Dataset items:
⁂

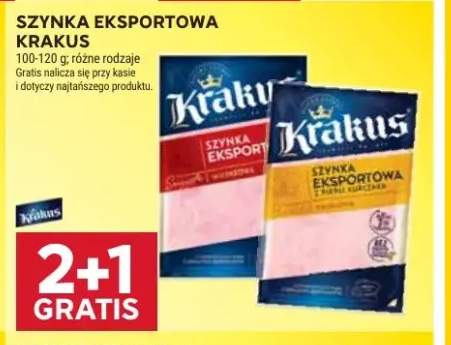 Szynka eksportowa z pieprzem Krakus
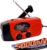 iRonsnow Notfall-Solarradio, tragbares Kurbelradio mit LED-Taschenlampe, wiederaufladbares 5000mAh-Netzteil, SOS-Alarm, AM/FM-Solarwindradio, USB-Ladegerät für Wandern, Camping (5000mAh Rot) | Tragbare, selbstbetriebene Radios mit SOS-Alarm, LED-Taschenlampe, Smartphone, USB-Ladegerät für Camping, Rot
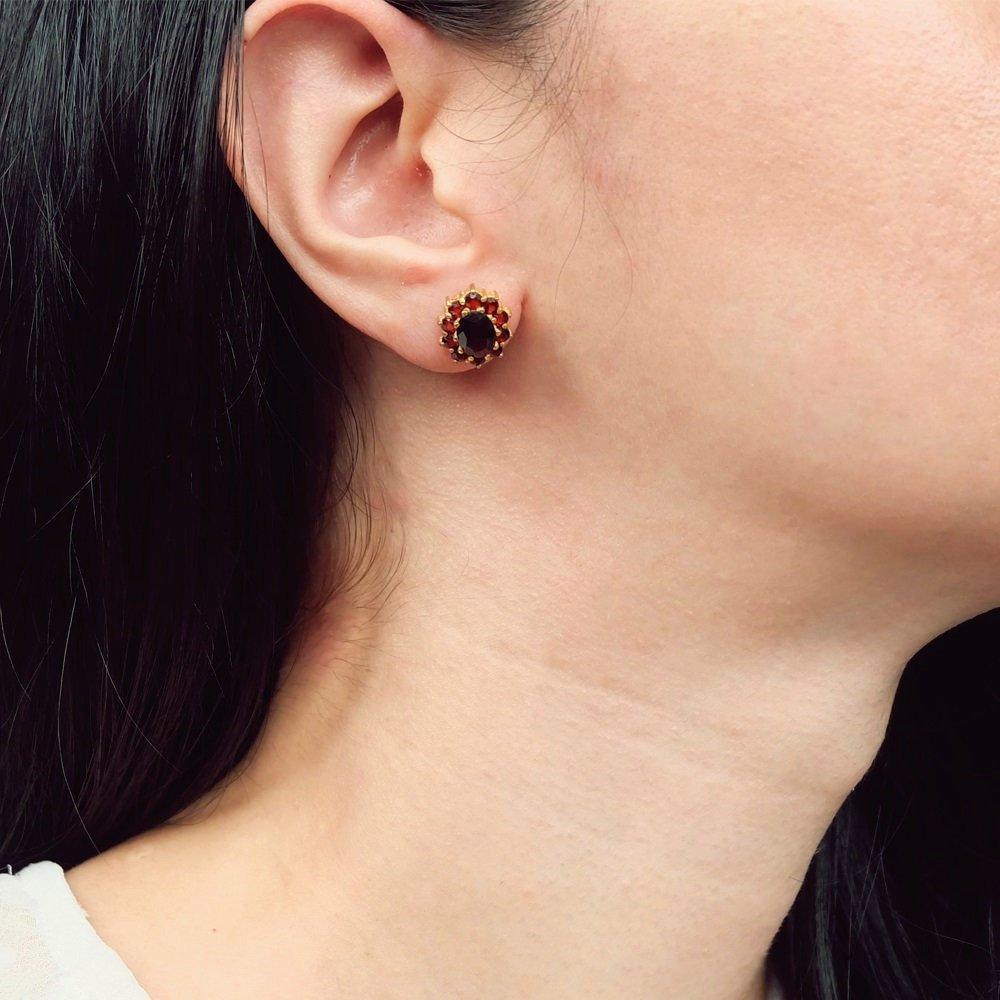 Garnet Earrings Karin - SOVATS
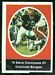 1972 Sunoco Stamps Steve Chomyszak football card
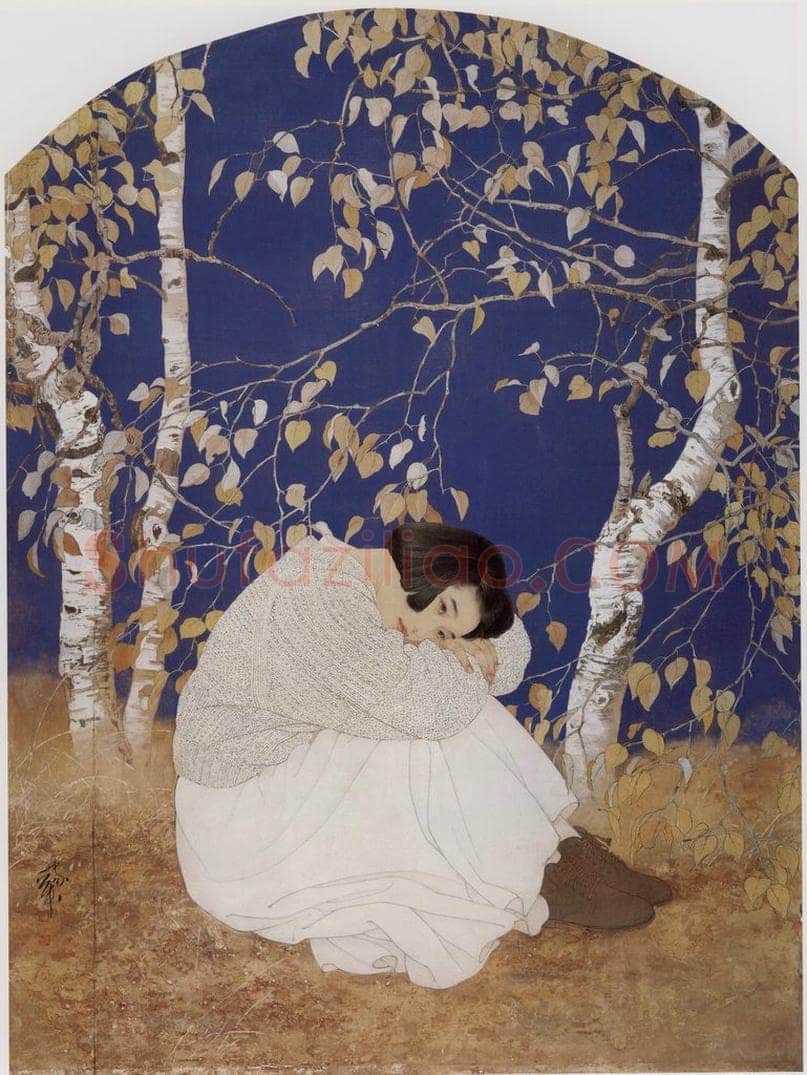 1991年 何家英 《秋冥》 书画作品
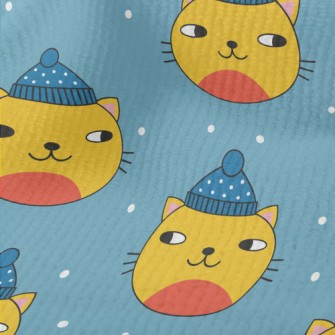 Warm Wool Hat Cat Terry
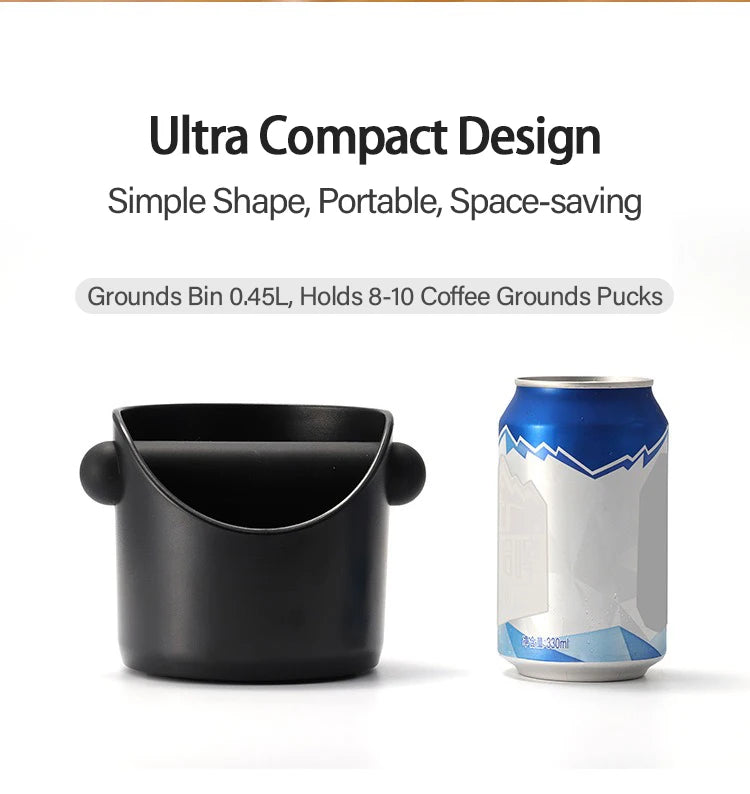Coffee Knock Box Espresso Grounds Container Anti Slip Dump Bin Barista Accessories Cafe Grind Tools KFQZH01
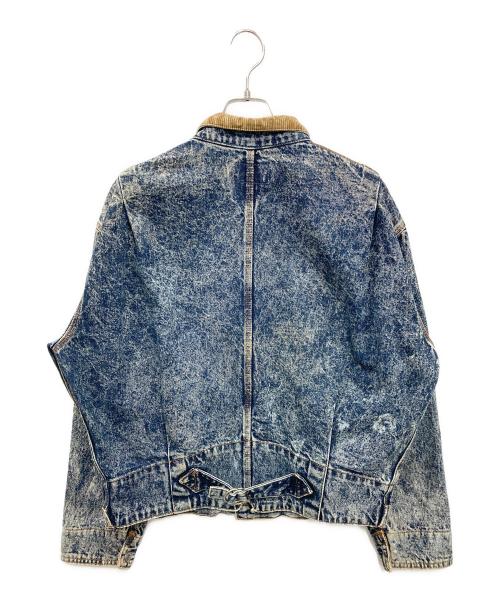 LEVI'S（リーバイス）LEVI'S (リーバイス) ［古着］襟コーデュロイデニムジャケット インディゴ サイズ:Sの古着・服飾アイテム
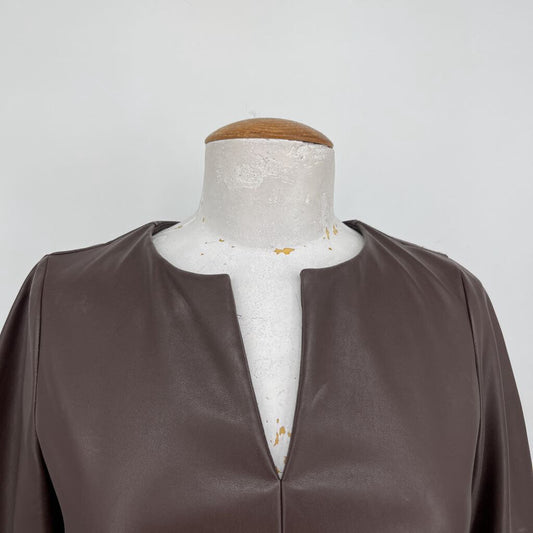 Banana Republic Faux Leather Shirt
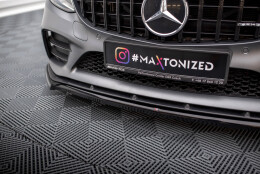 Cup Spoilerlippe Front Ansatz V.1 passend für Mercedes-AMG C43 Coupe / Cabrio / Limousine / Kombi C205 / A205 / W205 / S205 Facelift schwarz Hochglanz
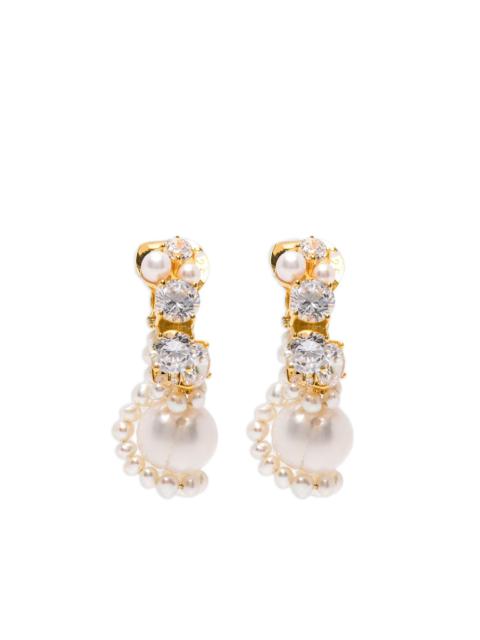 Completedworks pearl zirconium earrings
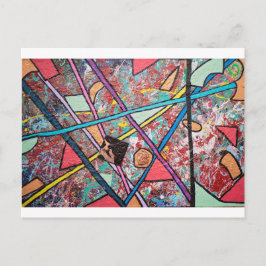 Abstrakte Postkarte des Entwurfs-I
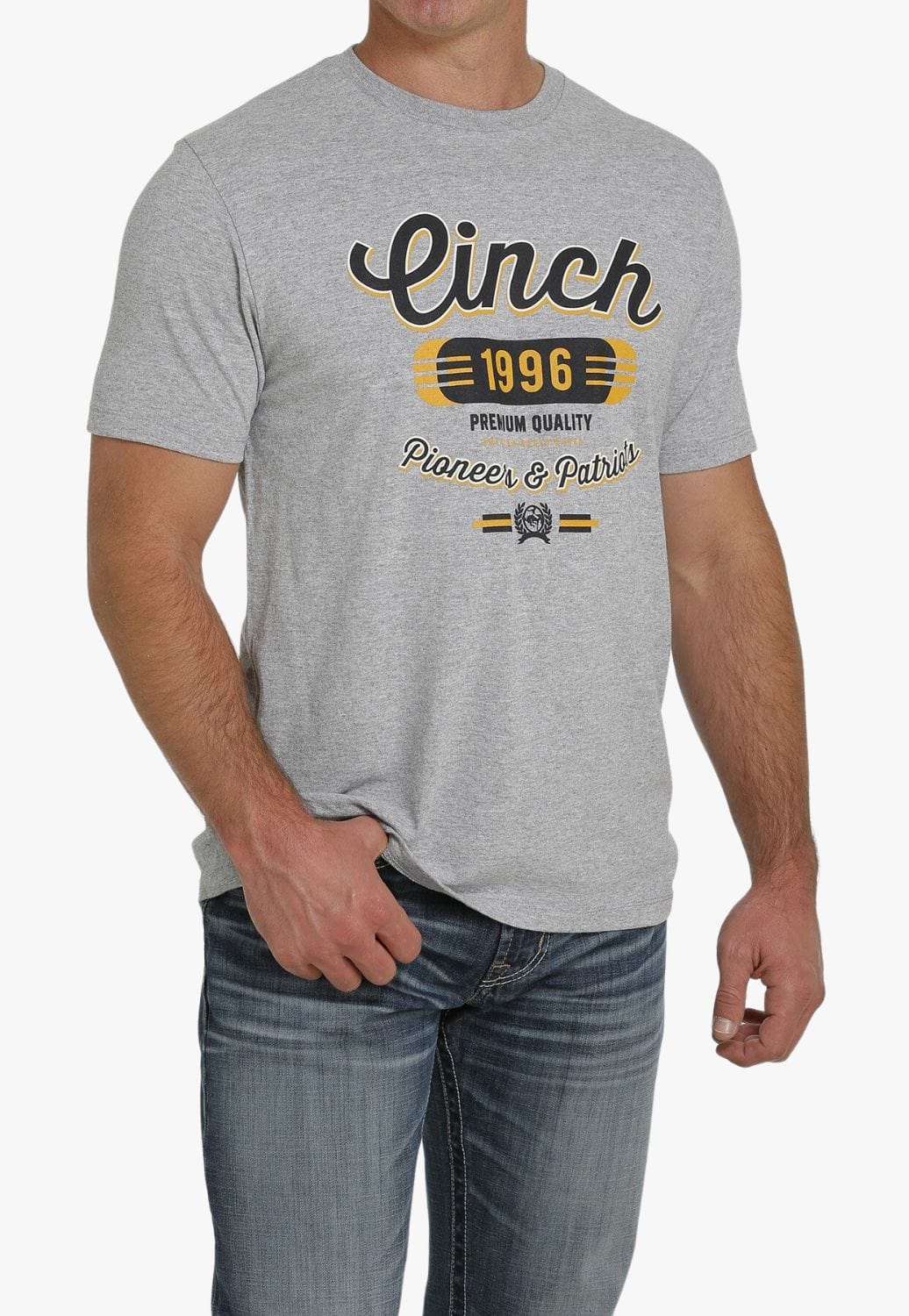 Cinch CLOTHING-MensT-Shirts Cinch Mens Pioneers And Patriots T-Shirt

⁂

## WHAT THIS TASK INVOLVES:
Would you set down only the lines above from the line with "Garnet Earrings Karin - SOVATS" to the line with "Banana Republic Faux Leather Shirt", both included, exactly as they stand and without the pictures?

## RESULT FOR THIS EXERCISE:
 Garnet Earrings Karin - SOVATS
 1972 Sunoco Stamps Steve Chomyszak football card
 1991年 何家英 《秋冥》 书画作品
 Warm Wool Hat Cat Terry
Coffee Knock Box Espresso Grounds Container Anti Slip Dump Bin Barista Accessories Cafe Grind Tools KFQZH01
 LEVI'S（リーバイス）LEVI'S (リーバイス) ［古着］襟コーデュロイデニムジャケット インディゴ サイズ:Sの古着・服飾アイテム
 Banana Republic Faux Leather Shirt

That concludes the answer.